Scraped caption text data
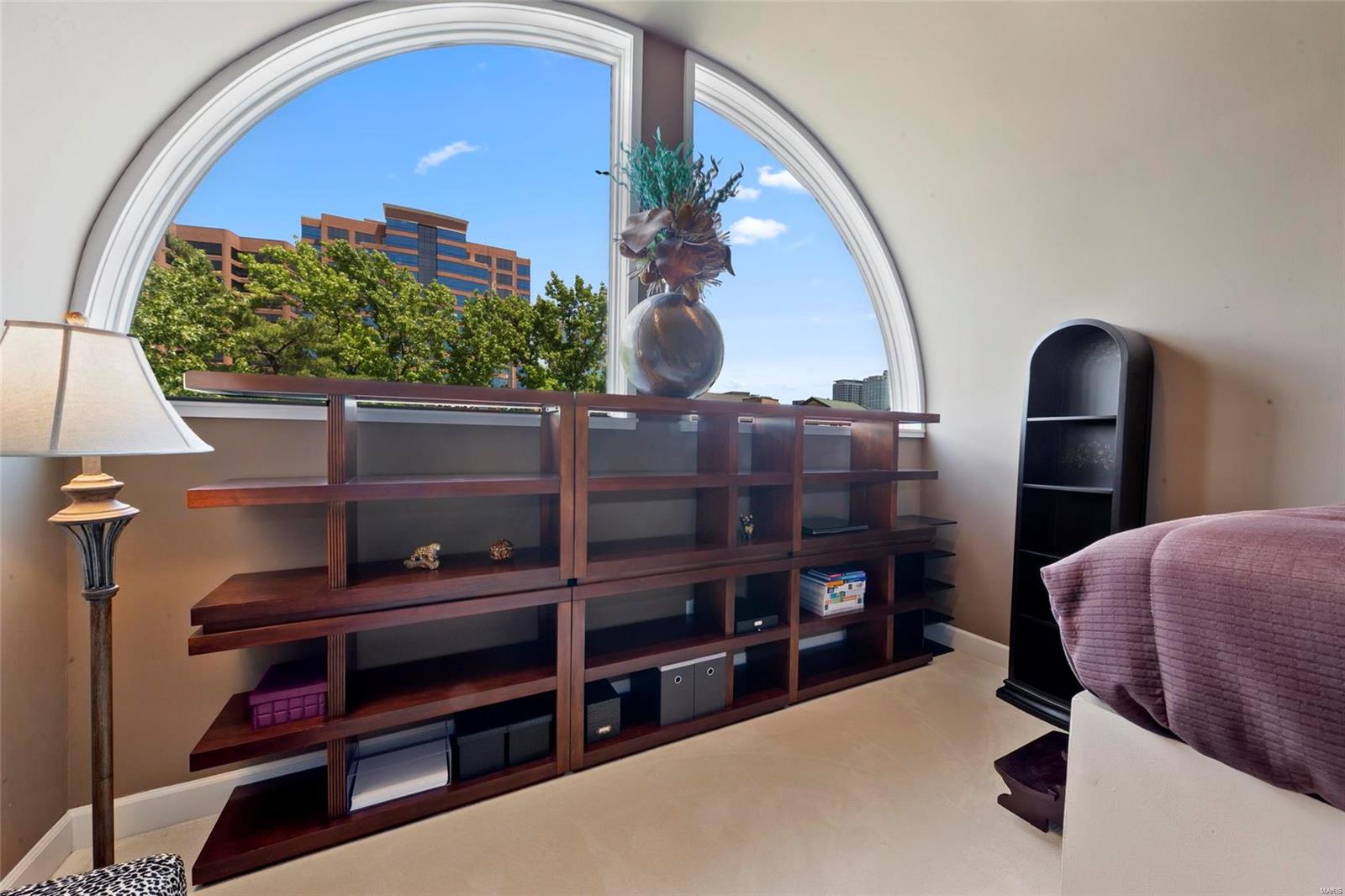 Shaw Park Villas Ph 1 Condo - Residential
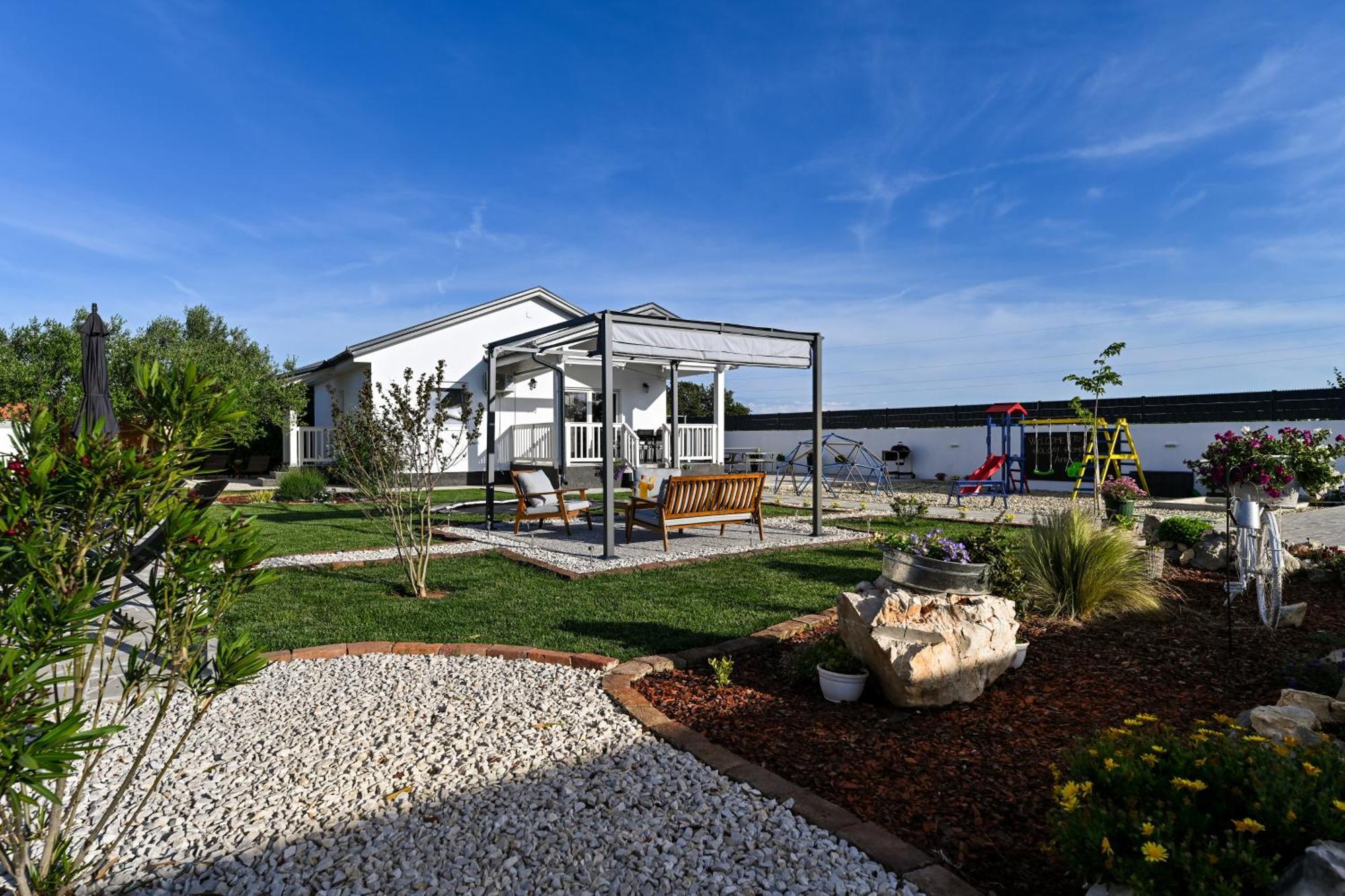 Holiday Home Aprilis With Pool, Jacuzzi And Sauna Galovac  Zewnętrze zdjęcie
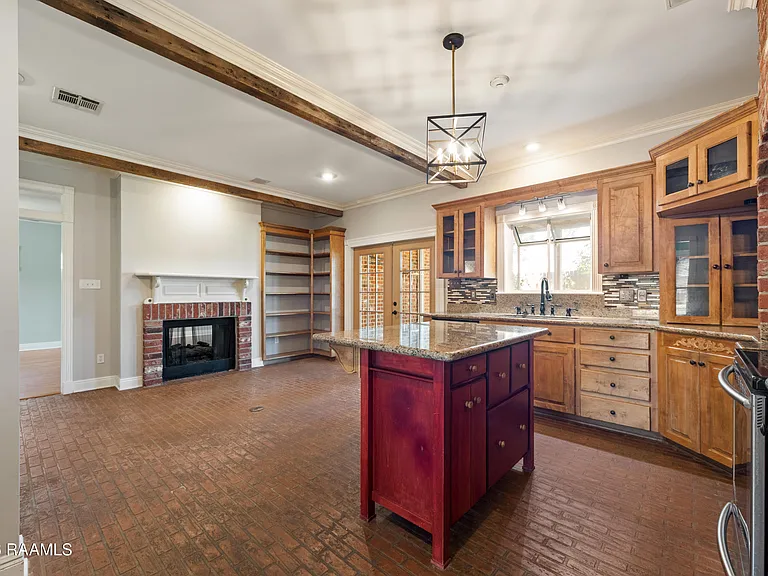 300 Oak Hollow Dr — Photo 11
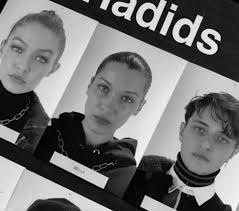 Inició su carrera en el modelaje al debutar en la edición de octubre de 2015 de la revista nylon a los 16 años. Anwar Hadid To Launch Jewellery Line Inside Bella And Gigi S Brother S Collection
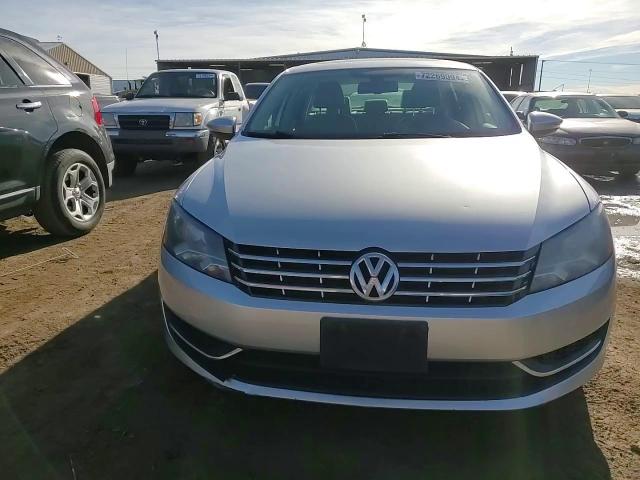 1VWCP7A35CC065565 2012 Volkswagen Passat Sel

▸ **Assignment**
Within the entries above, give again exactly the lines starting at the one that contains "300 Oak Hollow Dr — Photo 11" and ending at the one that contains "Inició su carrera", leaving out the pictures.

▸ **Written solution**
 300 Oak Hollow Dr — Photo 11
 Inició su carrera en el modelaje al debutar en la edición de octubre de 2015 de la revista nylon a los 16 años. Anwar Hadid To Launch Jewellery Line Inside Bella And Gigi S Brother S Collection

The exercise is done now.